◆ EXERCISE DETAILS ◆
Return every line from the one with "Chipmunk Skiing Notecard 2" through the one with "Vintage Vintage Womens", inclusive, exactly as it appears below.

◆ TASK MATERIAL ◆
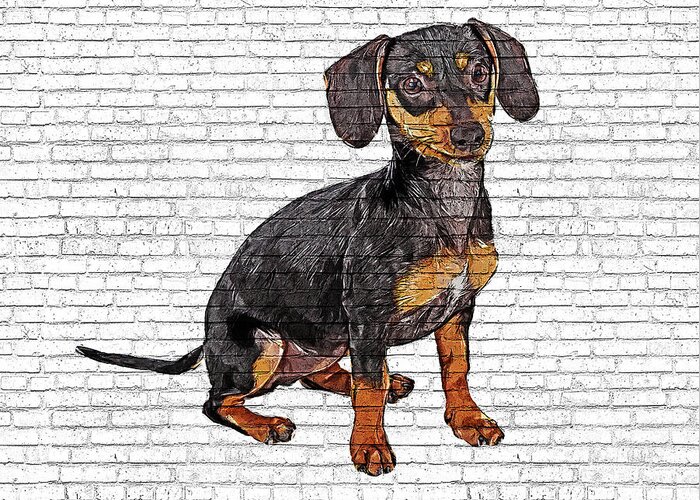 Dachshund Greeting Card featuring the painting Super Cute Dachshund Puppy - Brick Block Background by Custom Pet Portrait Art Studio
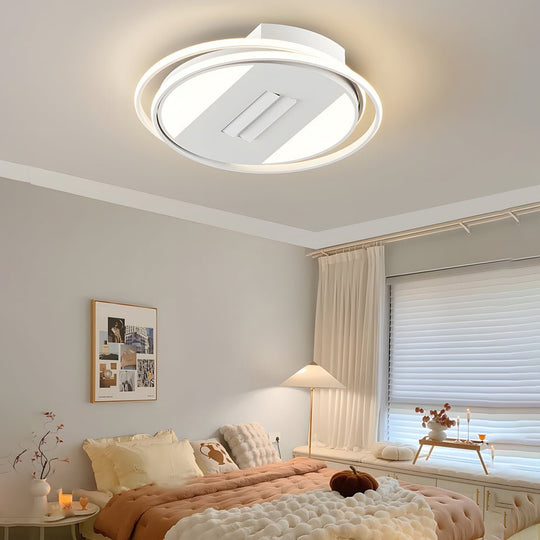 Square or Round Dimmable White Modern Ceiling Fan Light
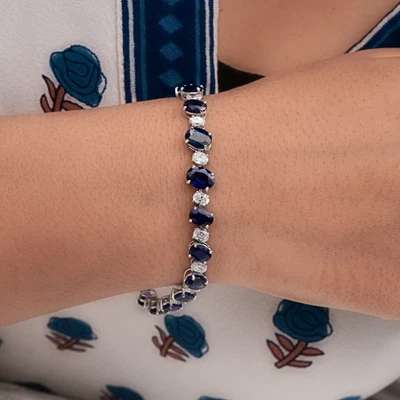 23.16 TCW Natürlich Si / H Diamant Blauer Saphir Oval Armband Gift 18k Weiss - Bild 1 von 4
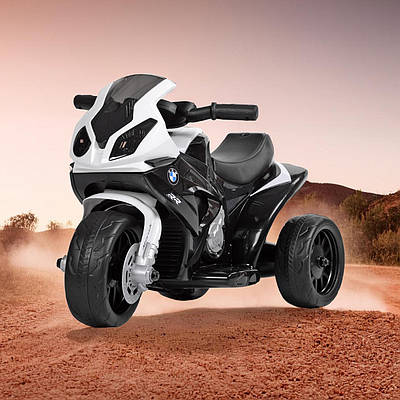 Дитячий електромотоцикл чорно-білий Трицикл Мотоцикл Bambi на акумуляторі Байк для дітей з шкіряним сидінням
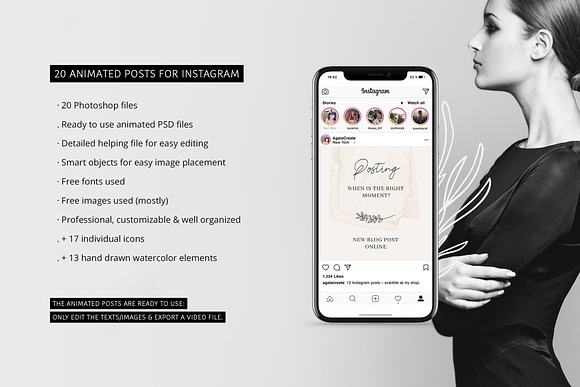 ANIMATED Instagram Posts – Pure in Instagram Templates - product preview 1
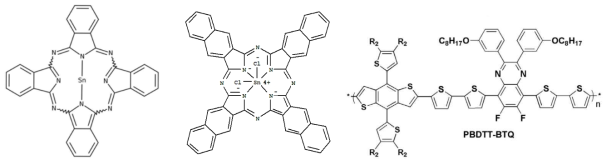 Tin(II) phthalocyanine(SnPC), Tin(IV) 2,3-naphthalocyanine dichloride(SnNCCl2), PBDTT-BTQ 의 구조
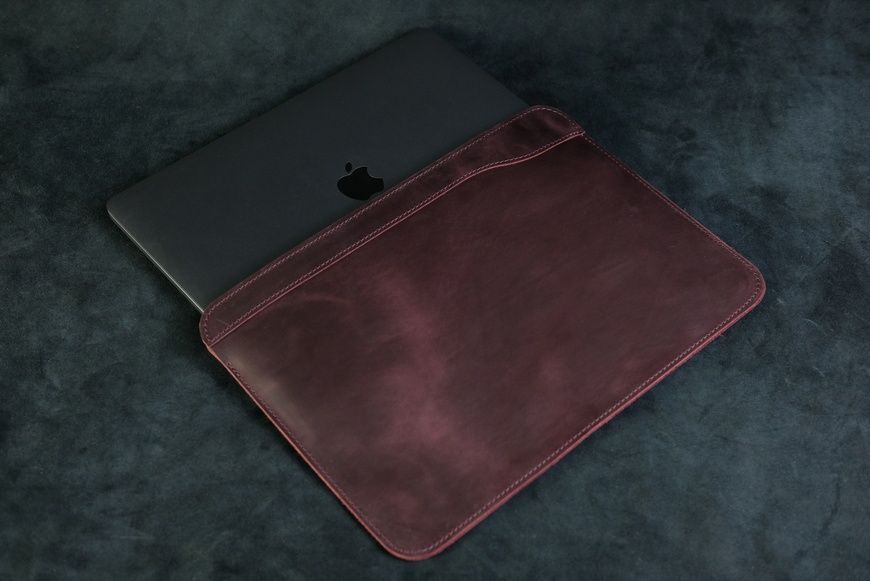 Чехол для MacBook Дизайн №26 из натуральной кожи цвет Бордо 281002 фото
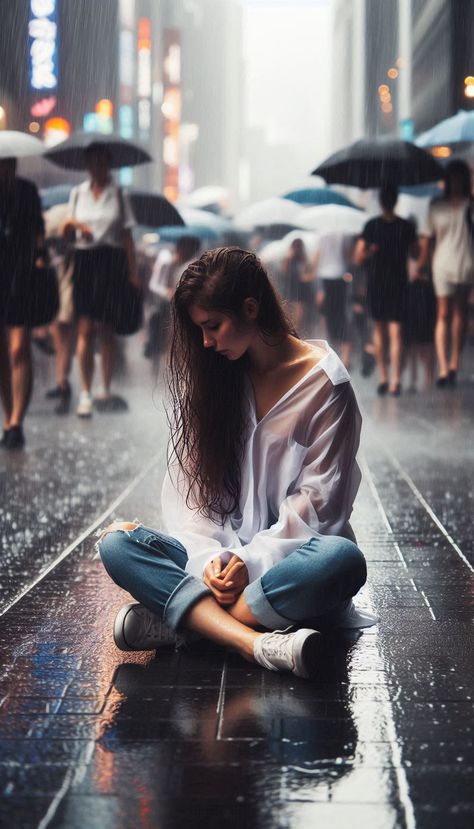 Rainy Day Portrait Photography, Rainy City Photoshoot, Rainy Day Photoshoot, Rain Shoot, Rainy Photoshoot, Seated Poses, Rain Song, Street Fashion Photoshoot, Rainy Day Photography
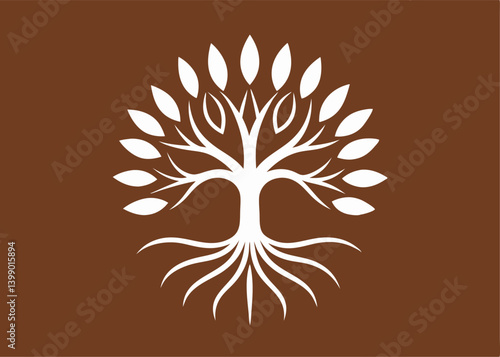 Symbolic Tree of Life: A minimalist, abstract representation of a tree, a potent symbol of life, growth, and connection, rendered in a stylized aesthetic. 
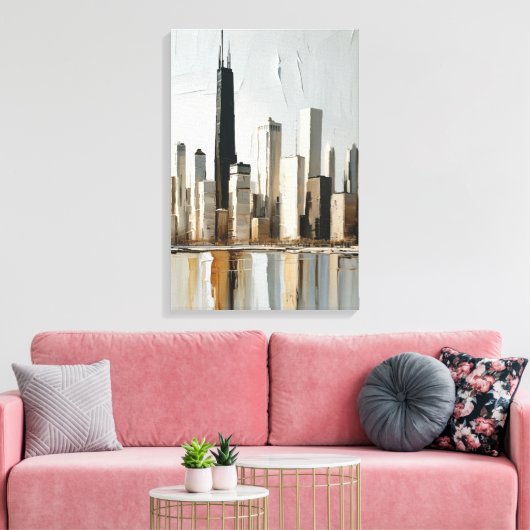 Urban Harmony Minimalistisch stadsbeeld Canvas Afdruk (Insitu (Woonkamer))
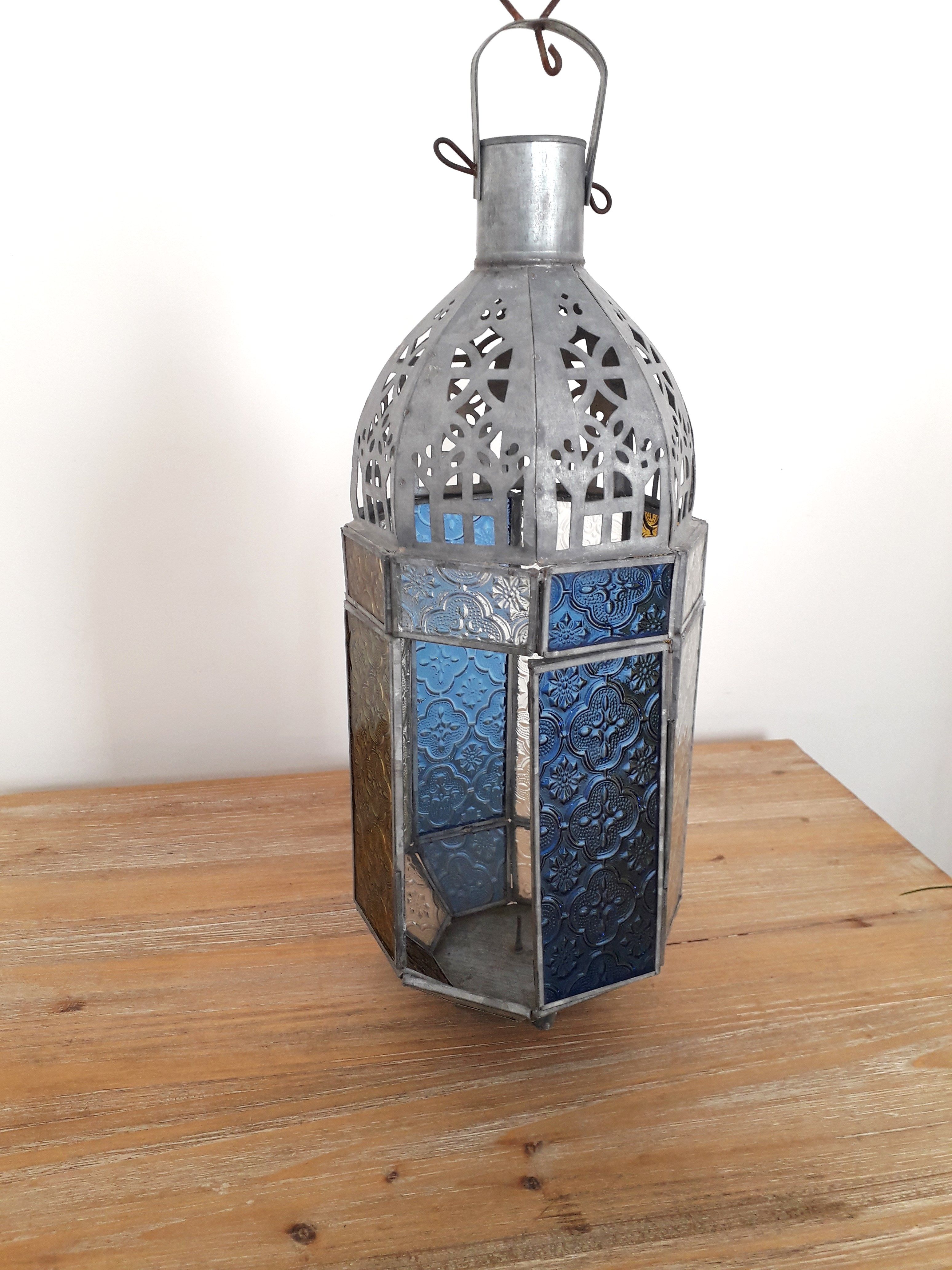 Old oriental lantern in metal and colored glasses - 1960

---

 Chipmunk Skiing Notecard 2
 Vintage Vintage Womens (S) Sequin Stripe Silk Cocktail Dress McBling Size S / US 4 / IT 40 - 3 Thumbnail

◆ RESULT FOR THIS TASK ◆
 Chipmunk Skiing Notecard 2
 Vintage Vintage Womens (S) Sequin Stripe Silk Cocktail Dress McBling Size S / US 4 / IT 40 - 3 Thumbnail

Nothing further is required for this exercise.